What I want to discuss is how some policies, while they might seem racist, if you analyze the impact by race, might have nothing to do with racism (in the sense of believing one race inferior) at all.
Let me start with an analogy. Did you know that for drivers 18-25, males pay more in car insurance than females? Surely this is a sign of a deep sexism at work! Surely, the insurance companies hate men!
… Actually no, it has nothing to do with an hatred of men, and everything to do with statistical analysis. See, insurance companies have to judge customers, not based upon the customer as an individual, but rather, based on a few broad characteristics. And, statistically, males are WAY more likely to get into an accident. So, it makes sense to charge males more.
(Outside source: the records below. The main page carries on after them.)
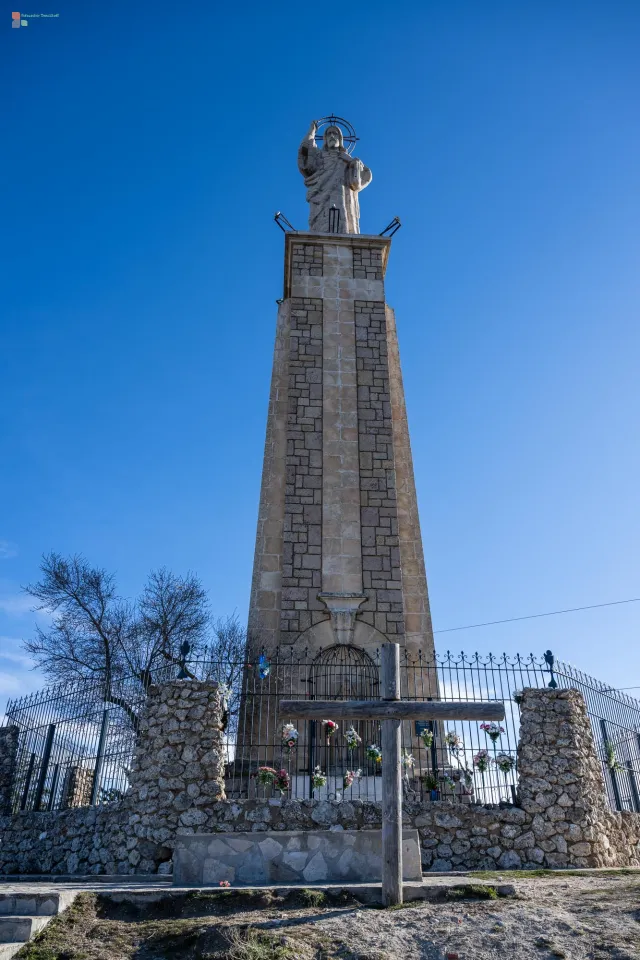 Von unten gesehen verliert die Figur ihr Maß. Der Blick folgt nach oben, der Zweifel bleibt unten zurück.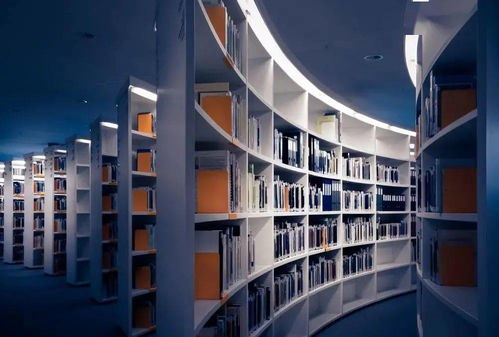 新課改背景下“四課一體”的智慧化實(shí)踐路徑 說(shuō)課、講課、聽(tīng)課、評(píng)課與互聯(lián)網(wǎng)科技創(chuàng)新的融合探索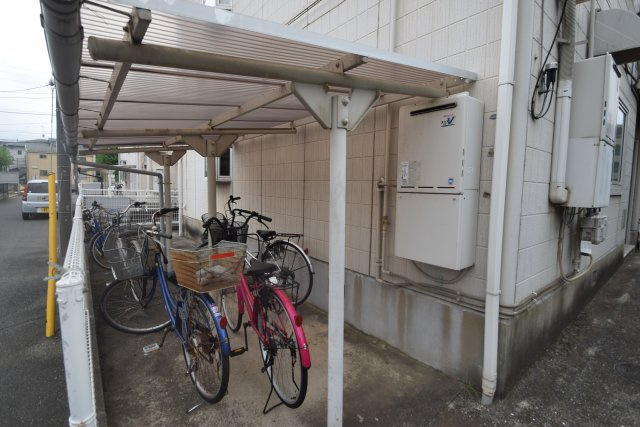 飛の台ハイツＡ・Ｂ棟のその他共用部分|自転車置き場あります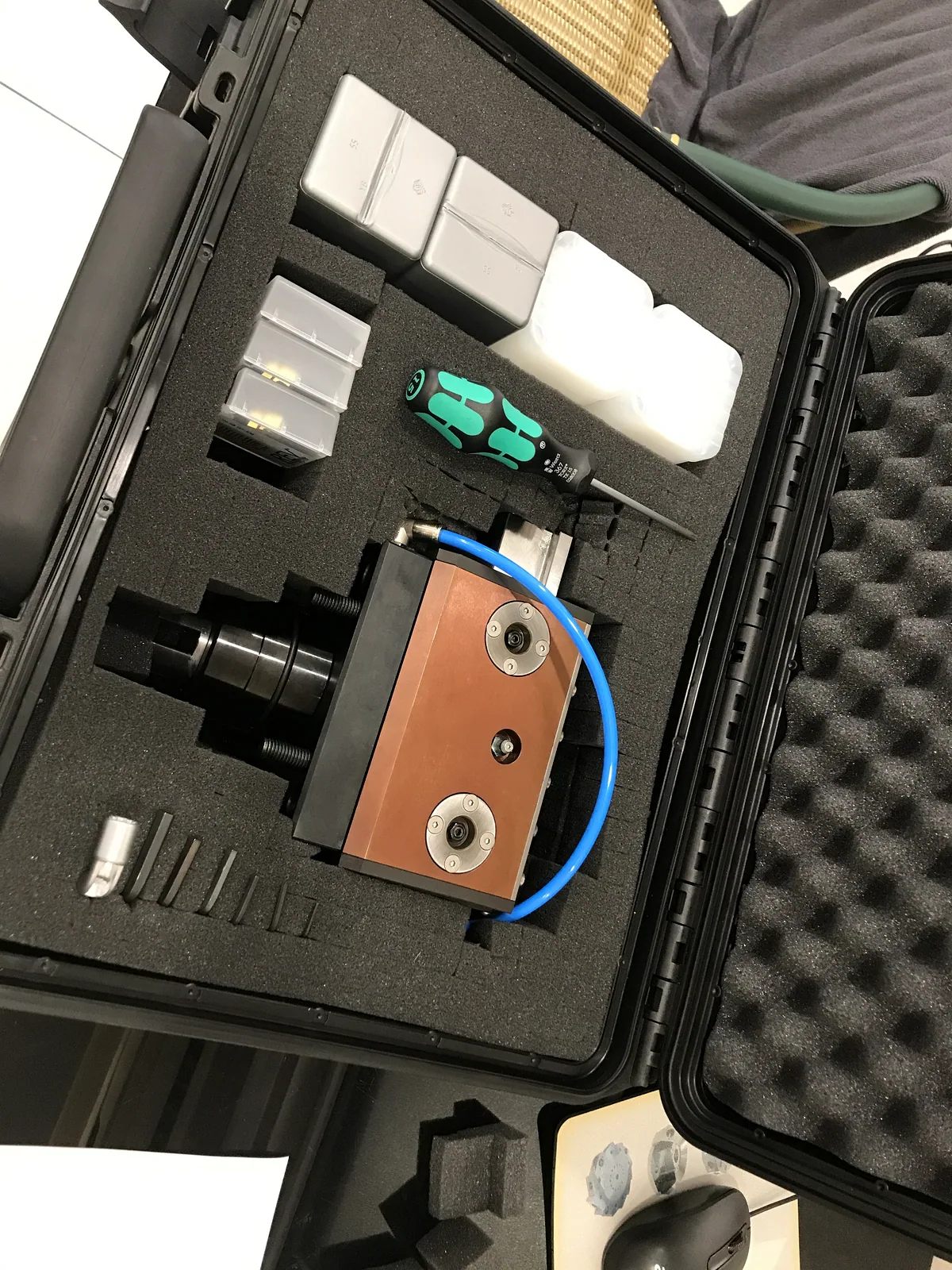 Mongtec broaching unit and accessories in its transport case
You will, statistically, need to do so, in order to make a profit.
More generally, insurance companies do not charge everyone the same price for the same coverage, and this is based on statistical analysis, not upon bigotry.
Now, if you can grasp that this is not about bigotry, perhaps consider the following scenario: A Republican in charge of voting districts engages in gerrymandering. This is absolutely wrong. But let’s say they do this to minimize the effect of black voting. Is this necessarily racist? As in, done because this person dislikes black people or considers them inferior?
See, gerrymandering is wrong. But if you ARE going to gerrymander, you do it so that your party wins. And if you see that some factor correlates with voting against your party – including race, since blacks tend to vote Democrat – you will include that factor, when you calculate how to gerrymander.
It’s statistics, and no different than what insurance companies do.